Stratégies d’atténuation et innovations en gestion des PFAS
Pour concilier agriculture durable et circularité, diverses approches émergent afin de limiter la dispersion des PFAS :
- Amélioration des stratégies de traitement : Développement de procédés d’oxydation avancée ou d’adsorption innovants dans le traitement des déchets avant leur application sur les terres agricoles.
- Surveillance accrue : Mise en place de programmes de monitoring systématique des PFAS dans les boues, les composts et les produits agricoles.
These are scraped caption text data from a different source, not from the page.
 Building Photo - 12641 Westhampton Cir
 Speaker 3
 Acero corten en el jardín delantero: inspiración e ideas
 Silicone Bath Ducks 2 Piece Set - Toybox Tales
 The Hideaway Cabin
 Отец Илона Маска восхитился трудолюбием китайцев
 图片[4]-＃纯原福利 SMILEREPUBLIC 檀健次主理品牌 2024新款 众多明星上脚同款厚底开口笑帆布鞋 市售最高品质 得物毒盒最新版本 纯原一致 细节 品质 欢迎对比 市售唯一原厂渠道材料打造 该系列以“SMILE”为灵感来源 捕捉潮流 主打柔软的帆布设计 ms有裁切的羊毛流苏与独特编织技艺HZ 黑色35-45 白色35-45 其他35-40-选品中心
- Encadrement réglementaire : Harmonisation des normes relatives aux résidus de PFAS dans les ressources réutilisées pour garantir une sécurité sanitaire et environnementale accrue.
- Évaluation du risque : Intégration systématique d’études de risques dans l'évaluation de nouvelles filières d’économie circulaire impliquant des flux potentiellement contaminés.
Perspectives et recommandations
Dans le contexte actuel, il est fondamental de trouver un équilibre entre les objectifs écologiques de la circularité et la nécessité de protéger la chaîne alimentaire contre les risques émergents associés aux PFAS. Cela implique :
- De réorienter la recherche vers l’identification de solutions de traitement efficaces et économiquement viables
- D’impliquer l’ensemble des parties prenantes, y compris les agriculteurs, les industriels, les gestionnaires de déchets et les autorités sanitaires, dans l’élaboration de plans d’action intégrés
- D’informer et de sensibiliser le grand public aux enjeux liés à la contamination par les PFAS et à la gestion responsable de la circularité dans l’agriculture
Face à la persistance des PFAS et leur présence dans les matrices agricoles, la conception de systèmes agricoles circulaires sûrs et résilients doit s’appuyer sur une approche transdisciplinaire, alliant innovations technologiques, vigilance réglementaire et responsabilité collective.